It’s almost that time of the year for daylight saving time!
Daylight Saving Time will end on Sunday, November 6th. I remember when “falling back” just meant an extra hour of sleep! I’m sure it will mean that again one day but for those of us with small children, it can just mean schedules that are thrown off, your kids waking super early, and everyone feeling grumpy for several days or longer. Every child is different and the time change will affect some much more than others. It is important to know your child and what she can handle and to have a plan for how you want to deal with the time change.
There are different ways to make the transition:
Cold Turkey Approach:
Basically, on Sunday, you will use your regular schedule but do everything according to the new clock time. I really only recommend this approach if your child is older than two and seems to have an easier time with changes/transitions. Admittedly, this is usually the approach I take and my children adjust relatively quickly. Maybe it’s because they are well-rested or because I stay consistent. Whatever the reason, I’m not complaining!
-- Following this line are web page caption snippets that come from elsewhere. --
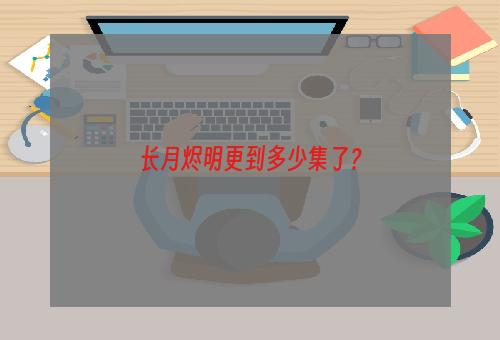 长月烬明更到多少集了？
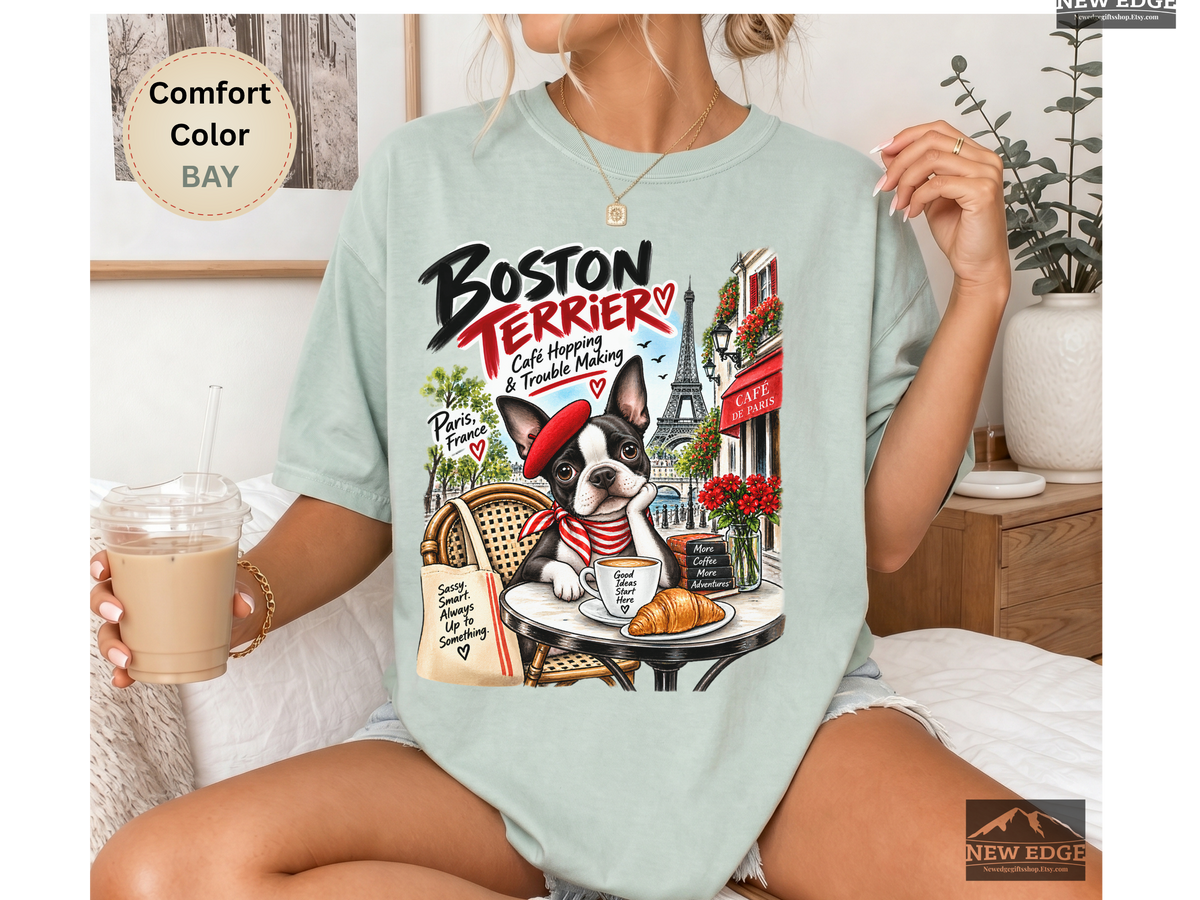 Boston Terrier Comfort Colors Shirt, Cafe Hopping Trouble Making, Paris Dog Lover Tee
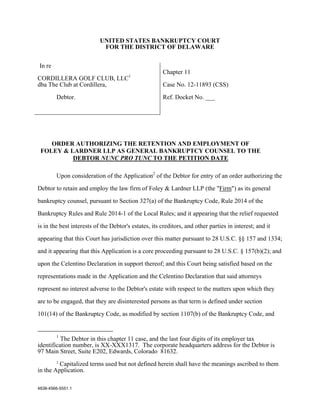 UNITED STATES BANKRUPTCY COURT
                            FOR THE DISTRICT OF DELAWARE


In re
                                                      Chapter 11
CORDILLERA GOLF CLUB, LLC1
dba The Club at Cordillera,                           Case No. 12-11893 (CSS)

        Debtor.                                       Ref. Docket No. ___




    ORDER AUTHORIZING THE RETENTION AND EMPLOYMENT OF
 FOLEY & LARDNER LLP AS GENERAL BANKRUPTCY COUNSEL TO THE
          DEBTOR NUNC PRO TUNC TO THE PETITION DATE

        Upon consideration of the Application2 of the Debtor for entry of an order authorizing the

Debtor to retain and employ the law firm of Foley & Lardner LLP (the "Firm") as its general

bankruptcy counsel, pursuant to Section 327(a) of the Bankruptcy Code, Rule 2014 of the

Bankruptcy Rules and Rule 2014-1 of the Local Rules; and it appearing that the relief requested

is in the best interests of the Debtor's estates, its creditors, and other parties in interest; and it

appearing that this Court has jurisdiction over this matter pursuant to 28 U.S.C. §§ 157 and 1334;

and it appearing that this Application is a core proceeding pursuant to 28 U.S.C. § 157(b)(2); and

upon the Celentino Declaration in support thereof; and this Court being satisfied based on the

representations made in the Application and the Celentino Declaration that said attorneys

represent no interest adverse to the Debtor's estate with respect to the matters upon which they

are to be engaged, that they are disinterested persons as that term is defined under section

101(14) of the Bankruptcy Code, as modified by section 1107(b) of the Bankruptcy Code, and


        1
          The Debtor in this chapter 11 case, and the last four digits of its employer tax
identification number, is XX-XXX1317. The corporate headquarters address for the Debtor is
97 Main Street, Suite E202, Edwards, Colorado 81632.
        2
         Capitalized terms used but not defined herein shall have the meanings ascribed to them
in the Application.

4838-4566-5551.1
 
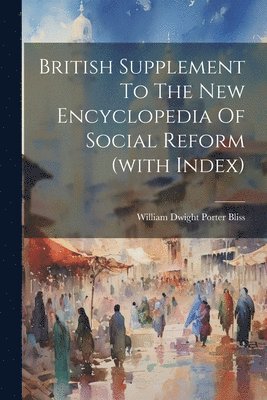 bokomslag British Supplement To The New Encyclopedia Of Social Reform (with Index)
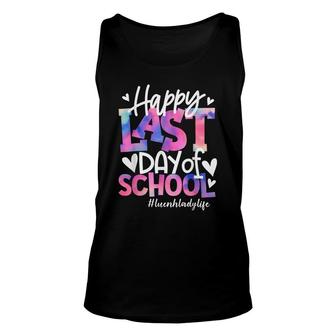 Happy Last Day Of School Tie Dye Lunch Lady Life Summer Gift Unisex Tank Top - Thegiftio UK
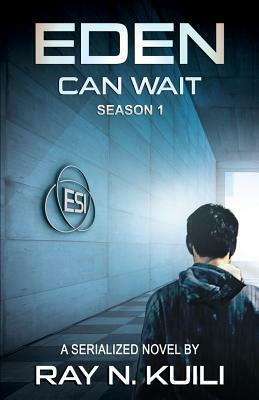 Eden Can Wait, Season 1: Episodes 1-7 by Ray N. Kuili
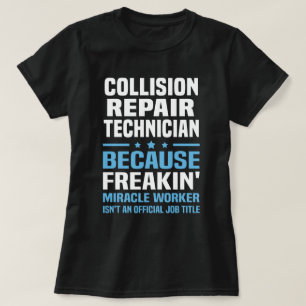 Collision Repair Technician T-Shirt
For children younger than two, or children who have a harder time with changes/transitions it’s better to make the switch gradually. If you think she will have a really hard time with the transition you could start moving the times later by 10-15 minutes a night during the week before the change. If you want to move bedtime later by 15 minutes a night, you will want to start on Wednesday, the 28th. If you want to move bedtime later by 10 minutes a night, you will want to start on Monday, the 26th. Make sure to move naps later on the same days.
Or if you just want to work on the transition for a couple of days, then on the day before the switch (Saturday) move nap times and bedtime just slightly later. Naps might be about 15 minutes later than usual and bedtime might be a half hour later than usual. This shouldn’t be a problem for many families since Halloween is the night before! Use your intuition about what your child can handle and of course, don’t let your child get too overtired and miss her sleep window.
Regardless of which option you choose, by Sunday evening you will be back at your child’s usual bedtime (according to the new clock).
Tips no matter which approach you use:
- Make naps a priority during the week leading up to and after the time change.
- On Sunday morning, and sometimes for several days or even weeks after the change, children may wake up earlier according to the new clock time. It is very important that you are consistent about not letting your child get up and start their day before 6 am. I highly recommend blackout curtains if you don’t have them!
- Getting fresh air and exposure to bright light for about 20-30 minutes first thing in the morning will help reset her internal body clock.
- Try to do everything according to the new clock time starting Sunday. This means all meals and sleep times. If your child is exhausted, it’s okay to let her go to bed 15 minutes or so earlier than usual. Just try to make it as close as possible to the regular schedule according to the new clock.
- Just like adults, kids may not feel like themselves for a few days or so after the change. But the truth is that most people adjust within about a week no matter which approach you take. Stay consistent according to the new clock times and things should “Fall” into place!